Of course, if your pads have physical damages or tears, you’ll probably need to just outright replace them. They may still be able to function even if they have some breaches, but small tears are very likely to evolve into larger ones, and if they are damaged at all the quality of the air the unit is producing is lowered as well. It is generally better to just be safe and replace your pads if you find physical damages or breaches anywhere on them.
7. How Often should you clean your Air Conditioner?
The answer to this question depends on a couple of different factors. First and foremost is obviously how much you use the evaporative air conditioner. If you live in a particularly dry climate, it may be on very often, and therefore require more cleaning. Three times a year is the recommended minimum; before the season you plan on using it, after the season you plan on using it, and before you put it away into storage.
Of course, you’ll want to drain the water tank and refill it at least once a month at least, which will stop the air from getting musty and give you a chance to refresh the scent if you really feel the need to. It’s also not a bad idea to check your cooler at least once every three months just to see what state it is in, and clean it during those times.

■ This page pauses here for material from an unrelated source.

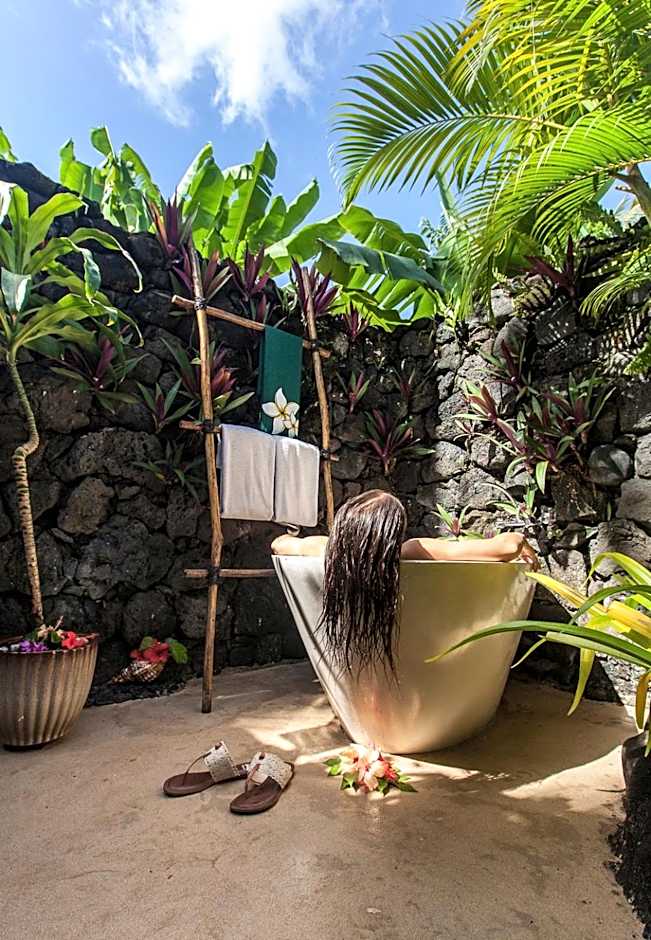 Paradise Resort Taveuni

Essentially, it is a good idea to check on your unit regularly, and also clean it before and after any sort of heavy usage. This is the best advice if you want to keep the unit in top shape for as long as possible, and to avoid the growth of mildew and mold for as long as you can.
Things to keep in Mind
As you can see, cleaning and maintaining your evaporative air conditioner is not a very grueling or difficult process. As long as you know what you are doing, you can have the entire unit cleaned and tuned up in just a few hours, or even less if some of the more harrowing tactics like the vinegar soak aren’t required.

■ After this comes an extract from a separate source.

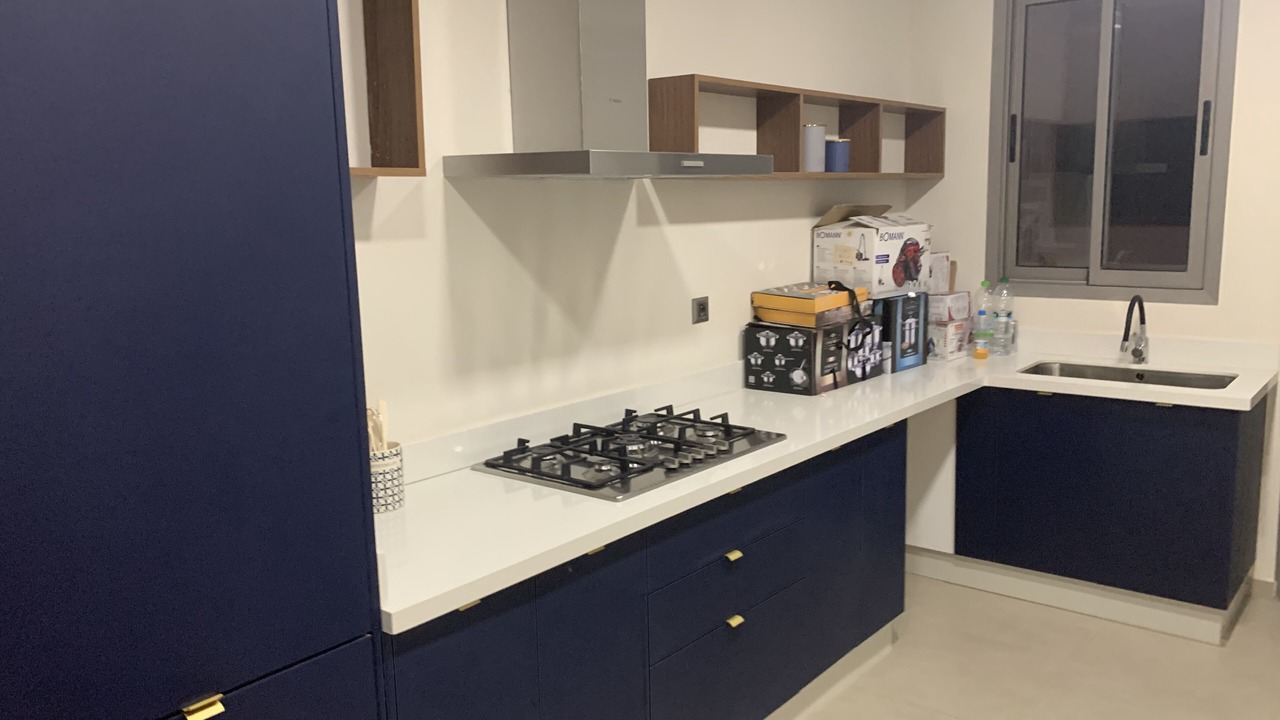 Photo of Kitchen in Ain Chock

In short, all you really need are the tools that might be required to open or drain your unit, and water, unless you also need vinegar and a good sponge. That said, all that really matters is conducting this maintenance regularly. If you conduct regular maintenance on your unit, the likelihood of deposits will be lessened and you won’t have to scrub as hard or at all.
As for the pads, keep an eye on them and check on them on a regular basis. Because the air conditioner’s pads are almost always wet, you need to keep a close eye on them to ensure that they do not grow mildew or mold.
As stated previously, mold and mildew produces very dangerous allergens that could cause respiratory problems for those breathing the air, so vigilance is crucial. This is why your pads are by far the most important part of the evaporative air conditioner, and why they need to be taken care of regularly and properly.
That said, don’t think that you can be cheap and just clean your pads forever. Eventually they must be replaced, as it is dangerous to keep old ones for too long.
While you can clean them pretty regularly, you should never keep them for more than a year, and that’s a bit of a stretch at best. Clean them when you can, but do replace them if you ever find mold or mildew, for the health of both you and your family.
So long as you conduct regular checkups and maintenance on your air conditioning unit, it will continue to function for quite a long time. After all, it is a simple machine with relatively few moving parts, so the chances for something to go seriously wrong is slim, and when things do break it is usually as simple as replacing a single part.
Just keep an eye on the pads to ensure that there is no mold or mildew, and replace them when there is, since you can clean them when there isn’t. Follow that simple rule and your evaporative air conditioner unit will always be safe to use, even if it has been in use for a long time or if you have had it for many years. Regular maintenance is the key to the longevity of any tool.